Computer Vision

CMPT 412 / 462, Fall 2024, with full online support

TAs: S. Mahdi H. Miangoleh, Khaled Al Butainy

Mon 10:30 – 12:20; Wed 10:30 – 11:20; Fri 12:30 – 14:20

Computer vision is the process of automatically extracting information from images and videos. Building up from introductory image processing and computer vision background, this advanced course covers deep neural architectures for image classification, object detection, image segmentation, metric learning, and other image/video understanding tasks; as well as 3D Computer Vision, including camera models, two-view geometry, stereo reconstruction, and camera pose estimation.

Attendence

Attendence to lectures, with in-person and Zoom options, is mandatory for the entire semester. Attendance will be checked at random times, in total 5 to 8 times during the semester. Students missing in class in more than 1 of these attendence checks will receive an NA grade.

Pre-reqs

It’s a good idea for the most of you to brush up on your linear algebra skills as soon as possible to make the best out of this class. 3Blue1Brown has introductory Linear Algebra classes on Youtube with great visual explanations of concepts that we will make use of during the class.

This course builds up on CMPT 361. A refresher on the camera model and image processing fundamentals is advised before taking this course. You can check out this playlist of CV-related lectures from CMPT 361 - Intro.
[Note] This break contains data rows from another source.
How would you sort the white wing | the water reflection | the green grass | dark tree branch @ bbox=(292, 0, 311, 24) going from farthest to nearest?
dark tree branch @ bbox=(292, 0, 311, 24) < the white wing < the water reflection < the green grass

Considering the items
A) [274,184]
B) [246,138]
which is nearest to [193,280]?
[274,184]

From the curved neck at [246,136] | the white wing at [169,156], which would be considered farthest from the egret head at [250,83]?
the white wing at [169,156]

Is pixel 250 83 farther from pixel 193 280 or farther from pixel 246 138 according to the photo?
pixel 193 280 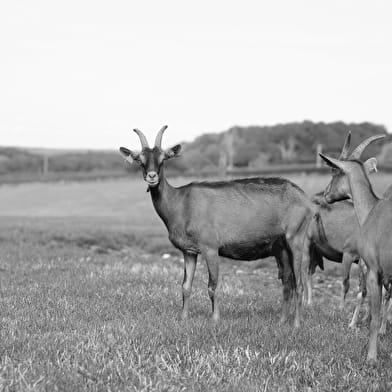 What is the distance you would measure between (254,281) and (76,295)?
640 centimetres

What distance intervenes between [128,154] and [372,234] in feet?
15.4

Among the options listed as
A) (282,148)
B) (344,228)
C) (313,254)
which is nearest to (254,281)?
(313,254)

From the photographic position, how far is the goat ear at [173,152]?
34.0 ft

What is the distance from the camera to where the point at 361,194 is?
847 cm

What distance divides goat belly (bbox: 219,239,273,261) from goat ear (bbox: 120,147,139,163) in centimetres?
201

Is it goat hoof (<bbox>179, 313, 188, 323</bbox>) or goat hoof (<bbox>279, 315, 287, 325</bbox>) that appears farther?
goat hoof (<bbox>279, 315, 287, 325</bbox>)

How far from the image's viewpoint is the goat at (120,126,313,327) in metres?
10.1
Visual Computing here.

COVID-19 Policy

In order to have a safe learning environment for everyone, we have several guidelines for in-person lectures:
- If you are feeling sick or you suspect you might have contracted COVID-19 or flu, please do not attend the in-person lectures and instead join the Zoom sessions.
- If you have contracted COVID-19, please do not attent the in-person lectures for 2 weeks after your initial diagnosis. Please join the Zoom sessions instead.

Grading

Programming assignments - 4 x 25% = 100%

Tentative Schedule

Weeks 1-3: CNNs, classification
Weeks 4-6: Stereo, Multi-view, SfM
Weeks 7-8: Segmentation
Weeks 9-11: Metric learning, RNN, Transformers, GAN
Weeks 12-13: Nerfs, current research directions

Programming assignments

There will be 4 programming assignments.

Assignment 1: Digit recognition with convolutional neural networks
Deadline: Sep 29, 23:59

Assignment 2: Deep learning by PyTorch
Deadline: Oct 20, 23:59

Assignment 3: 3D Reconstruction
Deadline: Nov 10, 23:59

Assignment 4: Object Detection, Semantic Segmentation, and Instance Segmentation
Deadline: Dec 8, 23:59

Textbook

There is no required textbook for the course. One useful resource that is also available online for free is the textbook Computer Vision: Algorithms and Applications by Richard Szeliski. There is a great number of resources you can find online, and don't forget that Wikipedia is always your friend.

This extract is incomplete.